Aggregation Alternative聚合替代方案

Prereq: Set up the collection to its original state:前提条件:将集合设置为其原始状态:

db.usersessions.drop();

db.usersessions.insertMany([
   { userid: "a", start: ISODate('2020-03-03 14:17:00'), length: 95 },
   { userid: "b", start: ISODate('2020-03-03 14:23:00'), length: 110 },
   { userid: "c", start: ISODate('2020-03-03 15:02:00'), length: 120 },
   { userid: "d", start: ISODate('2020-03-03 16:45:00'), length: 45 },
   { userid: "a", start: ISODate('2020-03-04 11:05:00'), length: 105 },
   { userid: "b", start: ISODate('2020-03-04 13:14:00'), length: 120 },
   { userid: "c", start: ISODate('2020-03-04 17:00:00'), length: 130 },
   { userid: "d", start: ISODate('2020-03-04 15:37:00'), length: 65 }
])

Using the available aggregation pipeline operators, you can rewrite the map-reduce example without defining custom functions:使用可用的聚合管道操作符,可以重写map reduce示例,而无需定义自定义函数:

db.usersessions.aggregate([
   { $group: { _id: "$userid", total_time: { $sum: "$length" }, count: { $sum: 1 }, avg_time: { $avg: "$length" } } },
   { $project: { value: { total_time: "$total_time", count: "$count", avg_time: "$avg_time" } } },
   { $merge: {
      into: "session_stats_agg",
      whenMatched: [ { $set: {
         "value.total_time": { $add: [ "$value.total_time", "$$new.value.total_time" ] },
         "value.count": { $add: [ "$value.count", "$$new.value.count" ] },
         "value.avg": { $divide: [ { $add: [ "$value.total_time", "$$new.value.total_time" ] },  { $add: [ "$value.count", "$$new.value.count" ] } ] }
      } } ],
      whenNotMatched: "insert"
   }}
])
  1. The $group groups by the userid and calculates:

    • The total_time using the $sum operator
    • The count using the $sum operator
    • The avg_time using the $avg operator

    The operation returns the following documents:该操作返回以下文档:

    { "_id" : "c", "total_time" : 250, "count" : 2, "avg_time" : 125 }
    { "_id" : "d", "total_time" : 110, "count" : 2, "avg_time" : 55 }
    { "_id" : "a", "total_time" : 200, "count" : 2, "avg_time" : 100 }
    { "_id" : "b", "total_time" : 230, "count" : 2, "avg_time" : 115 }
  2. The $project stage reshapes the output document to mirror the map-reduce’s output to have two fields _id and value. The stage is optional if you do not need to mirror the _id and value structure.

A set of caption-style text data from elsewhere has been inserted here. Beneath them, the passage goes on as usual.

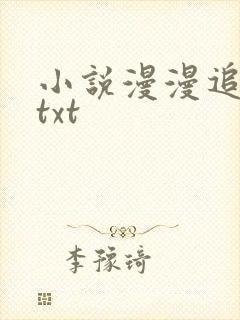 小说漫漫追妻路txt
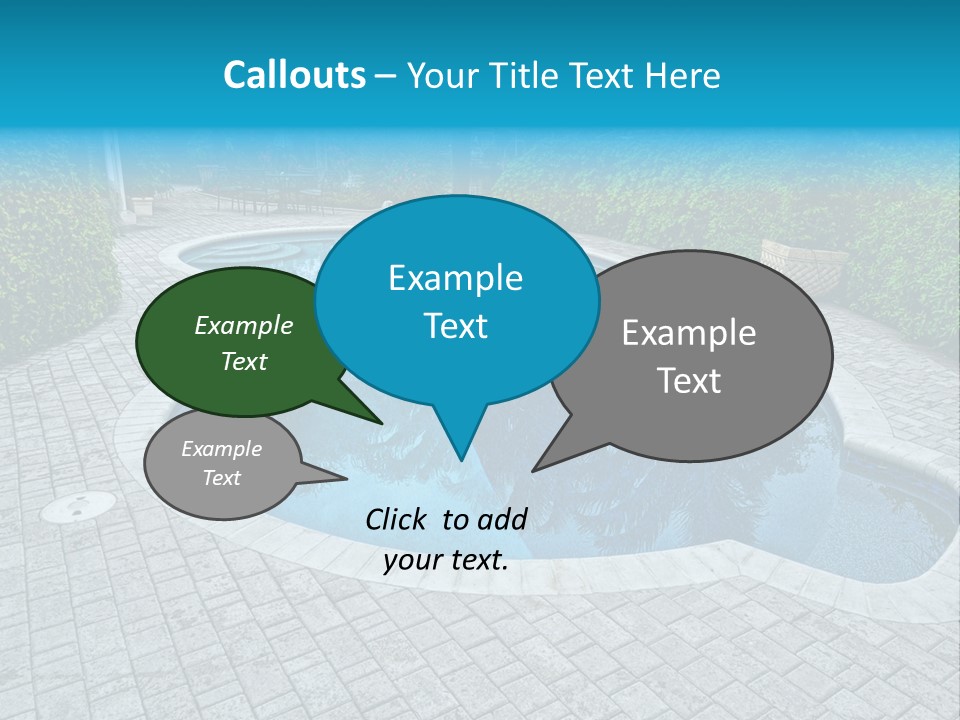 Palms Reflecting On A Swimming Pool PowerPoint Template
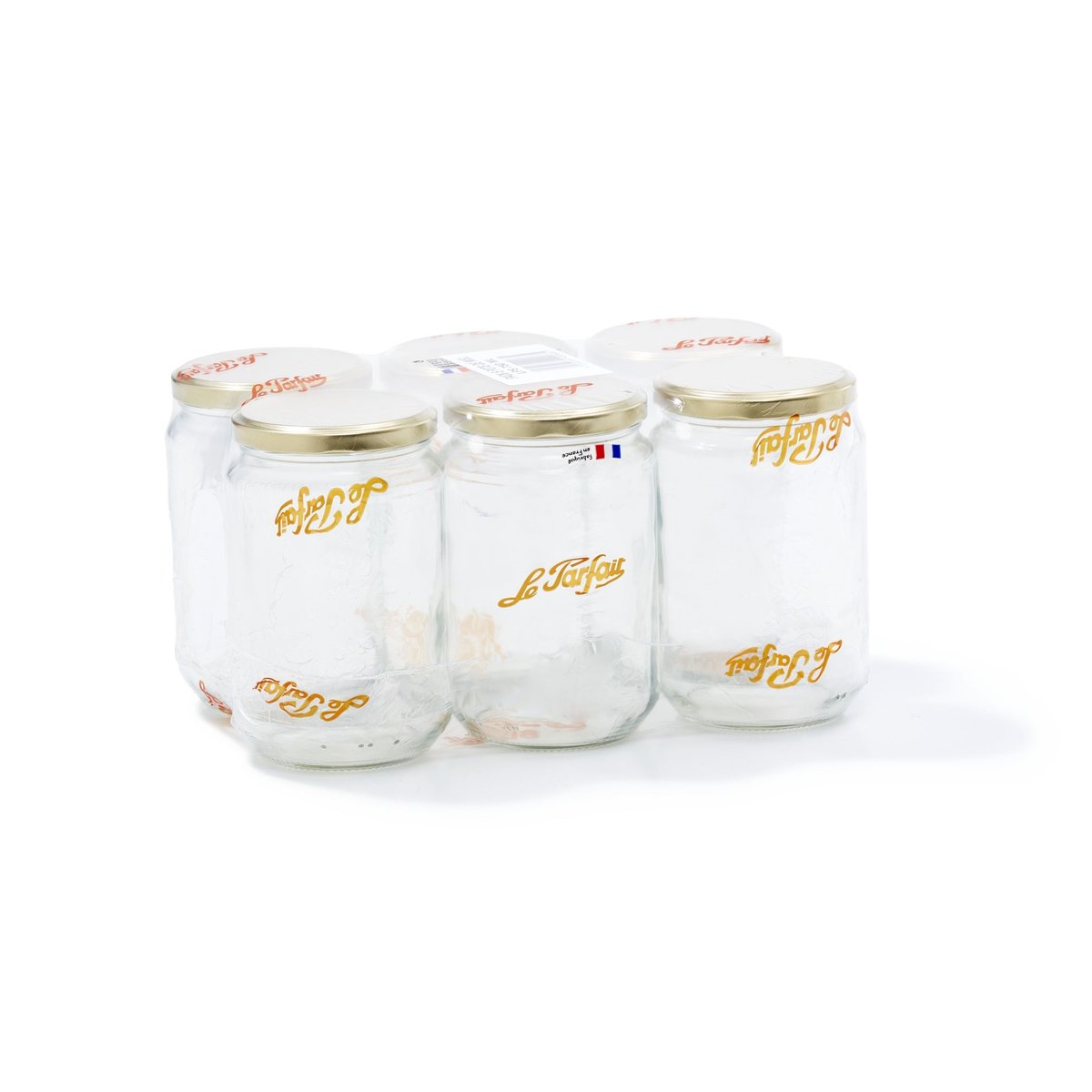Lot de 6 pots à miel 750ml, LE PARFAIT transparent, LE PARFAIT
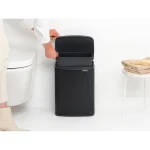 Brabantia Κάδος Απορριμμάτων Πλαστικός Μαύρος 12lt 23 03 63 - Image 5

    { "_id" : "a", "value" : { "total_time" : 200, "count" : 2, "avg_time" : 100 } }
    { "_id" : "d", "value" : { "total_time" : 110, "count" : 2, "avg_time" : 55 } }
    { "_id" : "b", "value" : { "total_time" : 230, "count" : 2, "avg_time" : 115 } }
    { "_id" : "c", "value" : { "total_time" : 250, "count" : 2, "avg_time" : 125 } }
  3. The $merge stage outputs the results to a session_stats_agg collection. If an existing document has the same _id as the new result, the operation applies the specified pipeline to calculate the total_time, count, and avg_time from the result and the existing document. If there is no existing document with the same _id in the session_stats_agg, the operation inserts the document.
  4. Query the session_stats_agg collection to verify the results:

    db.session_stats_agg.find().sort( { _id: 1 } )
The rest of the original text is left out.